Incidentie van psychische aandoeningen

Incidentie van psychische aandoeningen

Deze pagina geeft de incidentie van psychische aandoeningen weer. We beschrijven percentages over een periode van bijna drie jaar en absolute aantallen per jaar. Incidentie gaat over het nieuw ontstaan van een psychische aandoening bij mensen die nooit eerder in hun leven die aandoening hebben gehad. De incidentie wordt beschreven voor elke specifieke psychische aandoening en de hoofdgroepen.

Incidentie

De incidentie van enige psychische aandoening is ruim één op de tien (11%; zie figuur) over een periode van bijna drie jaar. Dit betekent dat 11% van de deelnemers die op de eerste meting nooit eerder een psychische aandoening hebben gehad, in de periode tussen de eerste en tweede meting van NEMESIS-3 voor het eerst in hun leven een stemmings-, angst- of middelenstoornis ontwikkelde.

Als we kijken naar de hoofdgroepen van psychische aandoeningen, zien we dat 7% van de volwassenen die op de eerste meting nooit een stemmingsstoornis hebben gehad, een stemmingsstoornis ontwikkelde. Voor een angststoornis was dit 7% en voor een middelenstoornis 3,2%.

Van de specifieke aandoeningen is de incidentie van de depressieve stoornis (7%), specifieke fobie (3,5%) en gegeneraliseerde angststoornis (3,0%) het hoogst.

De tabel laat de incidentie zien voor enige psychische aandoening, de afzonderlijke hoofdgroepen en de specifieke aandoeningen over een periode van bijna 3 jaar. De incidentie wordt apart weergegeven voor vrouwen, mannen en de totale volwassen bevolking. Met de knop in de rechter bovenhoek kan de tabel met 95% betrouwbaarheidsintervallen worden gedownload.

Tijdens het veldwerk van de eerste meting van NEMESIS-3 brak de coronapandemie uit. Een deel van de respondenten heeft voor de uitbraak van het coronavirus deelgenomen aan de studie en een deel tijdens. Door deze twee groepen deelnemers te vergelijken kan gekeken worden of de incidentie van psychische aandoeningen in de daaropvolgende jaren tussen hen verschilde.
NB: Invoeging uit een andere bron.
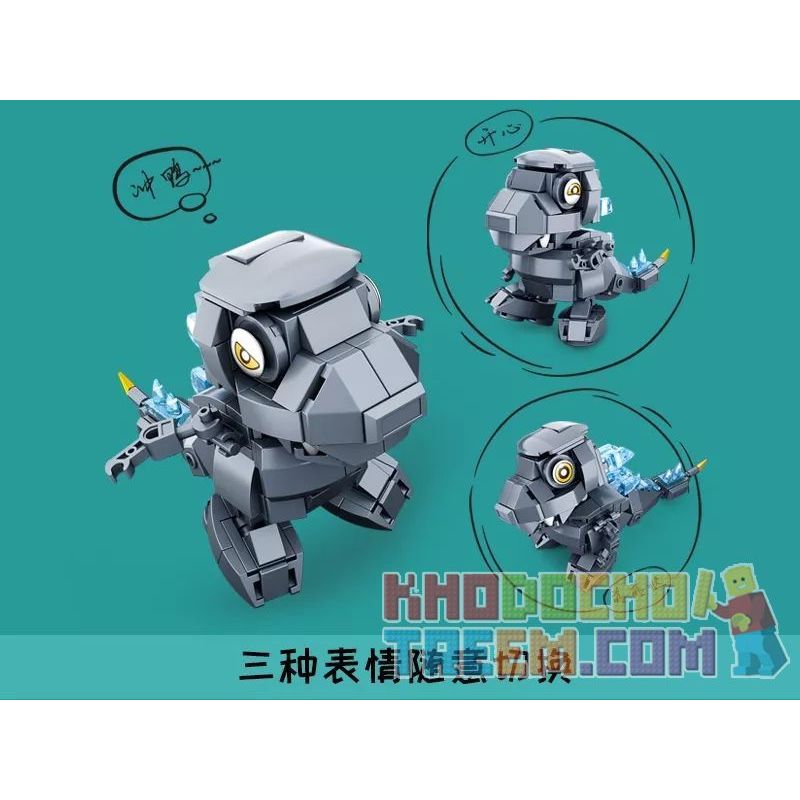 SLUBAN M38-B0761A B0761A 0761A M38B0761A 38-B0761A non  PHIÊN BẢN Q CỦA GODZILLA bộ đồ chơi xếp lắp ráp ghép mô hình Brickheadz QBRICKS Nhân Vật Đầu To 180 khối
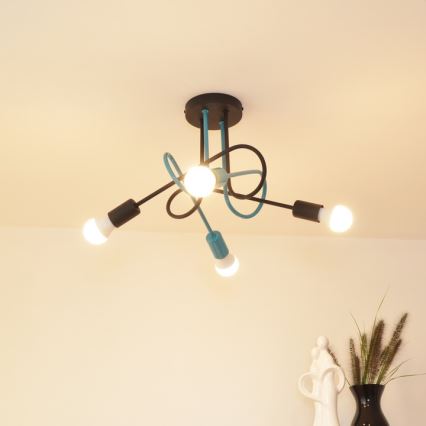 Felületre szerelhető csillár OXFORD 4xE27/15W/230V fekete/türkiz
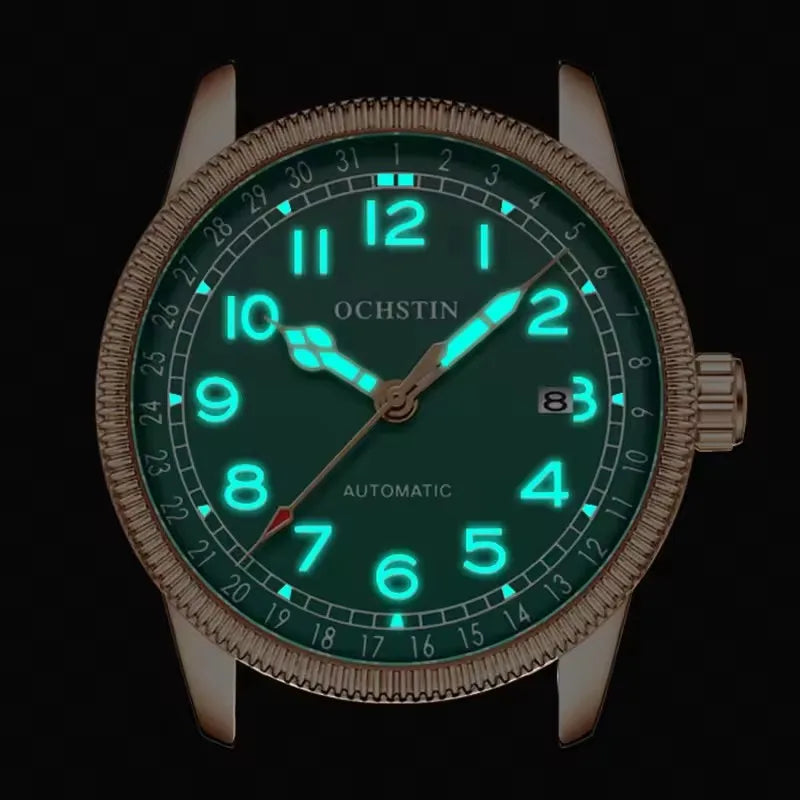 OCHSTIN 7006 GA7006 Nylon Band Genuine Leather Clock Automatic Business Luminous Hands Dial Mechanical Men's Watches Relogio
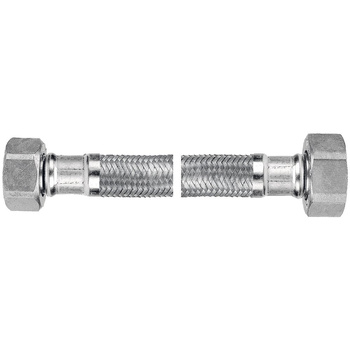 Wąż przyłączeniowy elastyczny FERRO z oplotem (stal), gw x gw, 3/4'' x 3/4'', długość 100 mm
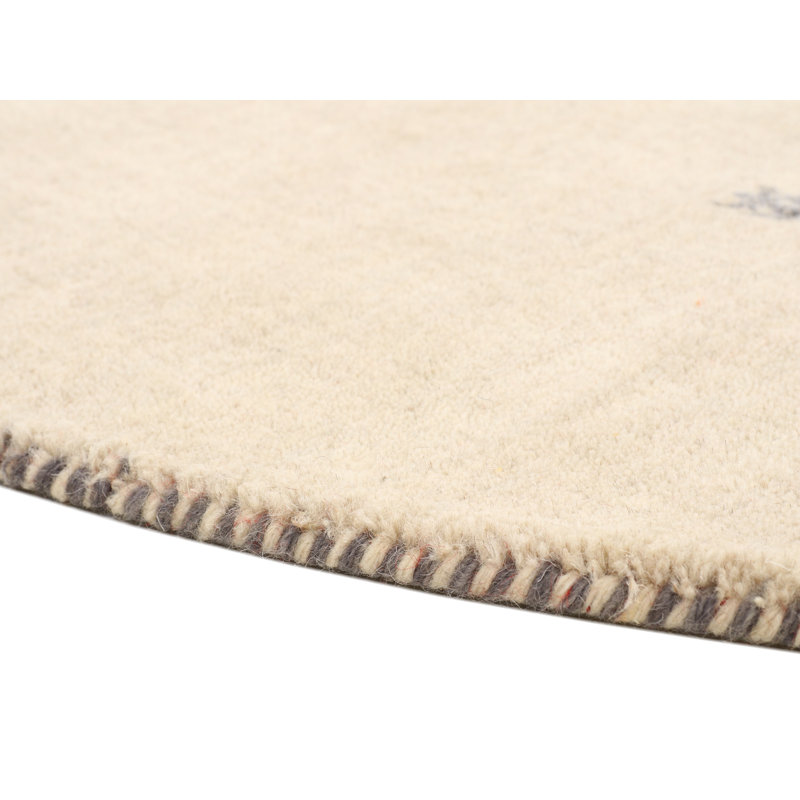 Handwoven Wool Gabbeh Uni White Rug, Runner 80 x 400cm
De tabel geeft de incidentie van de hoofdgroepen van psychische aandoeningen weer onder deelnemers die vóór (n=1,228) en tijdens (n=3,460) de coronapandemie hebben deelgenomen aan de eerste meting. Van de respondenten die geïnterviewd waren voordat de coronapandemie uitbrak ontwikkelde 10,7% een incidente DSM-5 psychische aandoening in periode tussen de eerste en tweede meting, bij de deelnemers tijdens de pandemie was dit 11,2%. Dit verschil is niet significant als we rekening houden met verschillen in tijd tussen de eerste en tweede meting (OR=1,34). Het is ook niet significant na aanvullende correctie voor geslacht, leeftijd, opleidingscategorie, woonsituatie, werksituatie, huishoudinkomen en stedelijkheid (adj OR=1,10). Dat betekent dat de incidentie gelijk is, ook als we rekening houden met verschillen tussen beide groepen. De incidentie tussen deze twee groepen deelnemers is ook gelijk voor alle hoofdgroepen van aandoeningen (zie tabel).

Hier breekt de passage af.